CONCRETE GRAVITY DAMS FE MODELS PARAMETERS UPDATING USING AMBIENT VIBRATIONS

Most of the dams around the world were designed before the introduction of seismic regulations and without concerns about their dynamic behavior. The failure of a large gravity dam might have catastrophic effects putting at risk a large number of human lives, not counting the considerable economic consequences. Since there are no case histories of concrete gravity dams failed after seismic events, numerical models assume great importance for the evaluation of the seismic performance of such structures or to control them within a SHM framework. Several different sources of uncertainty are involved in numerical models of concrete gravity dams, their effects can be reduced by exploiting all available information about the structure.

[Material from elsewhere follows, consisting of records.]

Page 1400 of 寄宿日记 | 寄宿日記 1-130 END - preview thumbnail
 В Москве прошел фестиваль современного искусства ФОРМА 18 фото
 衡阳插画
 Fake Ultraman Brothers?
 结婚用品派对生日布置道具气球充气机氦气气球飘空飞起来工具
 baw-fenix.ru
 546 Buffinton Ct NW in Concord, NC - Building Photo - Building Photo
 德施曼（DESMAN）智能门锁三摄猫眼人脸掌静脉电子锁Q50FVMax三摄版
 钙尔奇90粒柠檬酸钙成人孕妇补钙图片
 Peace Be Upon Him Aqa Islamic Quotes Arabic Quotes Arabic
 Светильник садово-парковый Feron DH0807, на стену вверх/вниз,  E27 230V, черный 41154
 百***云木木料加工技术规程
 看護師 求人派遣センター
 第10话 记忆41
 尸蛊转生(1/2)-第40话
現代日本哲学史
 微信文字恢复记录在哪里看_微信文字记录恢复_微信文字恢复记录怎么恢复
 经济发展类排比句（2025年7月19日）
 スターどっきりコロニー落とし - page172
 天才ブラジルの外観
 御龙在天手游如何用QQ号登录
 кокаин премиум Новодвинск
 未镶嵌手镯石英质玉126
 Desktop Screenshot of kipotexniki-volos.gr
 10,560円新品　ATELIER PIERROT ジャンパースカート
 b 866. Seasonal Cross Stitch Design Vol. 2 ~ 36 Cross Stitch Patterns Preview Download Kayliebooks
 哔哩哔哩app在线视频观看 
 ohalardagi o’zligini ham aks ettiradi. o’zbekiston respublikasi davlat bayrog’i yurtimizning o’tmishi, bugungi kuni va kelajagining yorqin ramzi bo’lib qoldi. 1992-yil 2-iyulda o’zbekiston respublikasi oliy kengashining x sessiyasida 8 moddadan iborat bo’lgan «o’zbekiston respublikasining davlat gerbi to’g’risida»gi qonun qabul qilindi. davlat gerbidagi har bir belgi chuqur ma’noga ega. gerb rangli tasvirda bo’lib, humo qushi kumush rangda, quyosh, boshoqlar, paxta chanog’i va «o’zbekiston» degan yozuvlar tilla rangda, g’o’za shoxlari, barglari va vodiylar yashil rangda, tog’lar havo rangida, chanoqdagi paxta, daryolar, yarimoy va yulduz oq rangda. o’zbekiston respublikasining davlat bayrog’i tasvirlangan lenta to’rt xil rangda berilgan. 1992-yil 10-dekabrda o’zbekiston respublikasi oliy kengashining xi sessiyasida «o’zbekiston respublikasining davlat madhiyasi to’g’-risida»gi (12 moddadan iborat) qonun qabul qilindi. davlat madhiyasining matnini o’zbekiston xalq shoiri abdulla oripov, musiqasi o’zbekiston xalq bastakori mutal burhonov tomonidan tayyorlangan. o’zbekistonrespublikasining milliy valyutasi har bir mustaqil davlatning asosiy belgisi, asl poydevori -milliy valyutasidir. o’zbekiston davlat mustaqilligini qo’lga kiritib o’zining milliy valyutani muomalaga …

Ambient vibrations are an important source of information because they can be used to characterize the dynamic behavior of the structure. In this paper, a procedure, defined in the Bayesian framework, which allows calibrating the dynamic model parameters using ambient vibration is presented. Ambient vibrations are used to determine the modal characteristics of the system, by applying the Operational Modal Analysis (OMA), which are used in the updating process. The use of meta models based on the general Polynomial Chaos Expansion (gPCE) and a modified version of Markov Chain Monte Carlo (MCMC) allows both considering the SSI in the numerical model of the dam and solving the problem of coherence between experimental and numerical modes. Finally, the proposed procedure is applied to the case of an Italian dam showing the applicability to real cases.